> What to produce:
Go through the records and restate them word for word, omitting images.

> Record set:
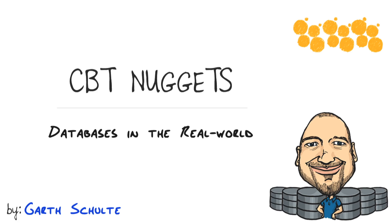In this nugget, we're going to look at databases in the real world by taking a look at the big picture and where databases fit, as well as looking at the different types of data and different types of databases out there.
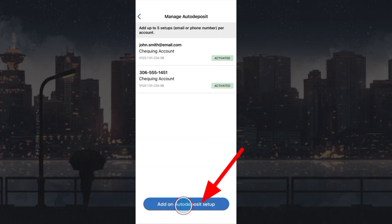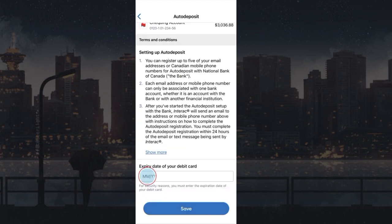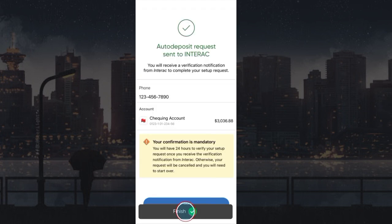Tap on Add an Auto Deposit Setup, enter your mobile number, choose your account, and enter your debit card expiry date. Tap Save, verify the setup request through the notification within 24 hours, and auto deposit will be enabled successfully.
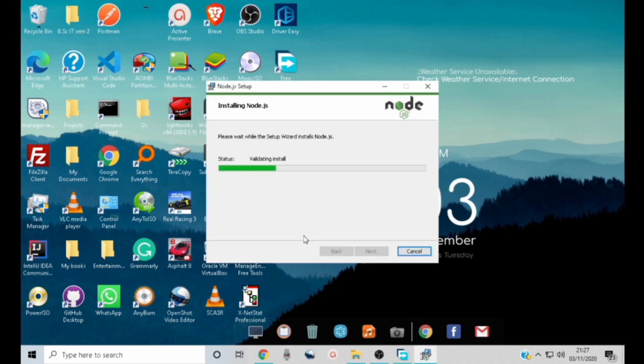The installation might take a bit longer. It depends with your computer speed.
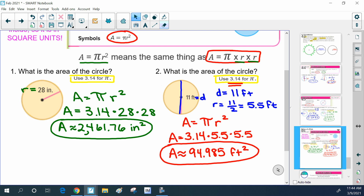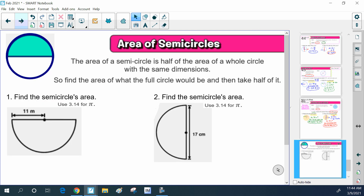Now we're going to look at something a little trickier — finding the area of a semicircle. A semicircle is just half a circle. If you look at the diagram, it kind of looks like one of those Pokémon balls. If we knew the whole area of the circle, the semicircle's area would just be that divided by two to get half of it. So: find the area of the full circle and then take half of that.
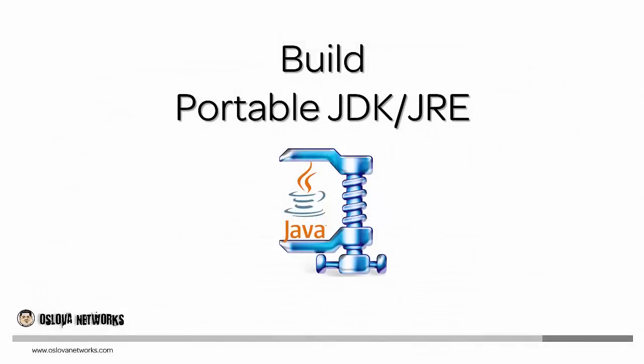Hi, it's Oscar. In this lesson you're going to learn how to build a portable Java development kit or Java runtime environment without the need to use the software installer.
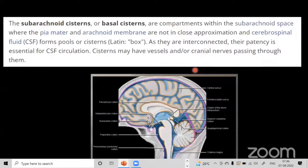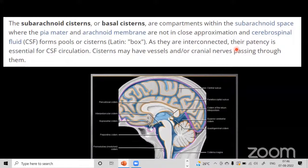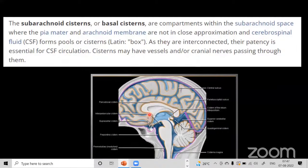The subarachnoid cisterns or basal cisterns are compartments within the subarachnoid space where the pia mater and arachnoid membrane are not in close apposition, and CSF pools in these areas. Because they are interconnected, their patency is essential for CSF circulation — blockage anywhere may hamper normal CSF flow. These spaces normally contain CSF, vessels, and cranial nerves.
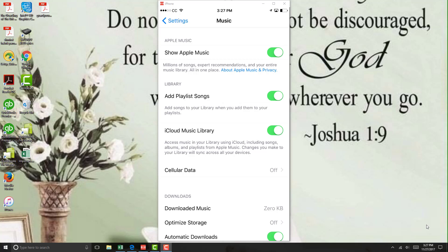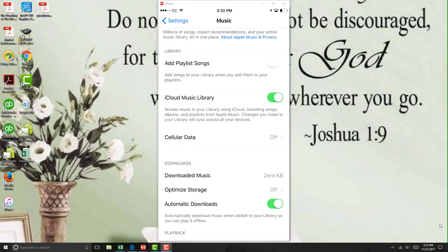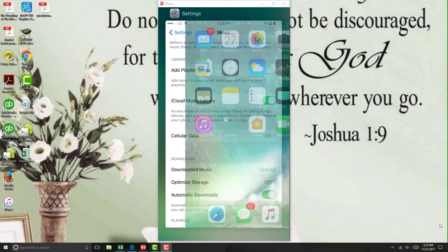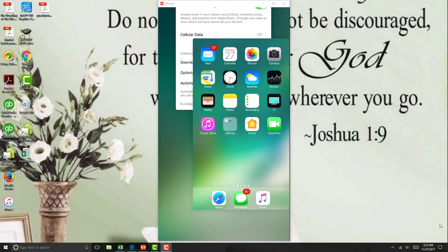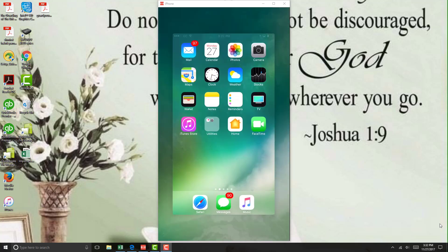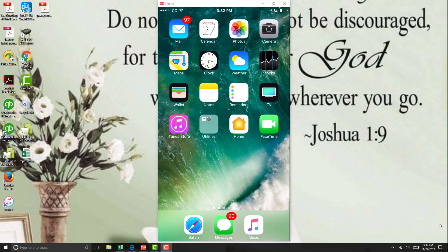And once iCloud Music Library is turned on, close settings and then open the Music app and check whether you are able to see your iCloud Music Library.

> Task output:
In this nugget, we're going to look at databases in the real world by taking a look at the big picture and where databases fit, as well as looking at the different types of data and different types of databases out there.
Tap on Add an Auto Deposit Setup, enter your mobile number, choose your account, and enter your debit card expiry date. Tap Save, verify the setup request through the notification within 24 hours, and auto deposit will be enabled successfully.
The installation might take a bit longer. It depends with your computer speed.
Now we're going to look at something a little trickier — finding the area of a semicircle. A semicircle is just half a circle. If you look at the diagram, it kind of looks like one of those Pokémon balls. If we knew the whole area of the circle, the semicircle's area would just be that divided by two to get half of it. So: find the area of the full circle and then take half of that.
Hi, it's Oscar. In this lesson you're going to learn how to build a portable Java development kit or Java runtime environment without the need to use the software installer.
The subarachnoid cisterns or basal cisterns are compartments within the subarachnoid space where the pia mater and arachnoid membrane are not in close apposition, and CSF pools in these areas. Because they are interconnected, their patency is essential for CSF circulation — blockage anywhere may hamper normal CSF flow. These spaces normally contain CSF, vessels, and cranial nerves.
And once iCloud Music Library is turned on, close settings and then open the Music app and check whether you are able to see your iCloud Music Library.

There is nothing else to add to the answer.